Competitive research projects
Minor religious communities as actors of religious changes in Croatian society
About project
Project basics
- Duration: January 2007 - December 2013
- Project code: 100-1001172-1072
Project description
In Croatia and other transitional countries the process of strengthening of traditional church religiosity continues, contrary to the trend of general decline in church religiosity in the West. Characteristic they share with the West is the expansion of new religious movements and different forms and experiences of the sacred. In Croatia, except for the research of a part of communities of Christian provenance conducted in Zagreb (1998-1991), minor religious communities (traditional ones, new religious movements and different forms of postmodern religiosity) were not investigated thus far. This research is consequently primarily focused on them. The goal is to determine how minor religious communities as actors participate in the process of religious change in Croatian society. According to the basic hypothesis, minor religious communities are the actors and an indicator of religious, socio-cultural and multicultural changes in Croatia, which occur under the influence of globalization, modernization and European integration process.
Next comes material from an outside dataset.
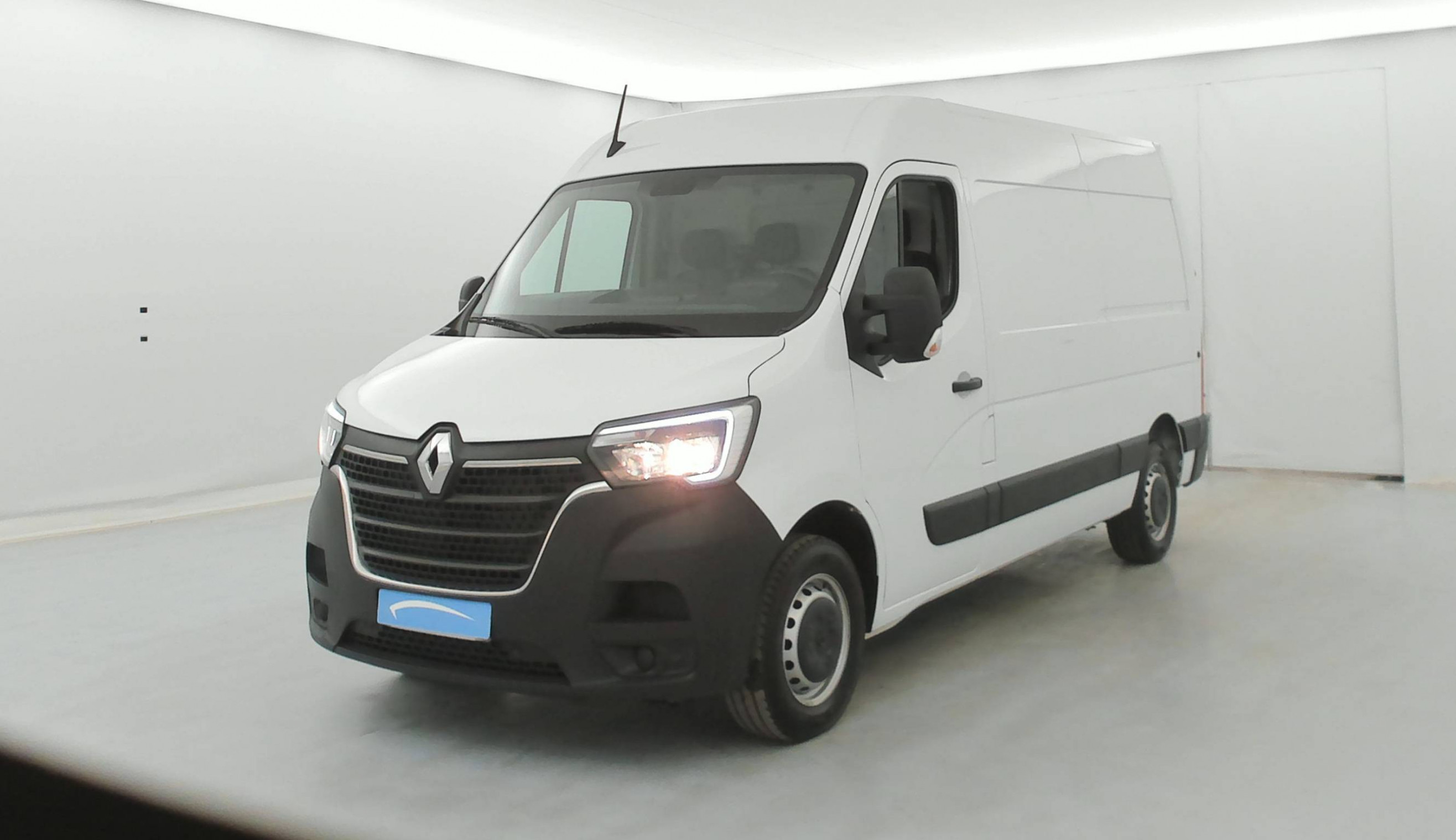 Renault Master Fourgon MASTER FGN TRAC F3500 L2H2 BLUE DCI 135 occasion de 2024 en vente à Argentan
The project will also investigate: relations between the state and minor religious communities (normative-real); mutual relations between them and their relation towards major religion; the activity of certain actors that shape public opinion on minor religious communities (media, intellectual, religious, political elite, NGO, lay organizations); the structure and acting of minor religious communities (history, organization, beliefs, practices, activities, relations within them, relation to the secular surroundings); types of religiosity in comparison to the dominant traditional Catholic religiosity; comparative data about traditional religiosity/spirituality in Croatian regions and in a broader European space; the connection between global religious and multicultural processes and the identity of minor religious communities; the bond of their religious and cultural identity with the Croatian cultural identity. Systematization of the gathered data will enable deeper insight into specific qualities of minor traditional and new religiosity/spirituality, and it will contribute to the scientific insight in the phenomenon of religion and religiosity in Croatia. Inclusion of the postmodern theoretical concepts in the comprehension and explanation of religious changes and an emphasis on the qualitative methods more appropriate for the research of small groups are a contribution to the development of sociology of religion in Croatia.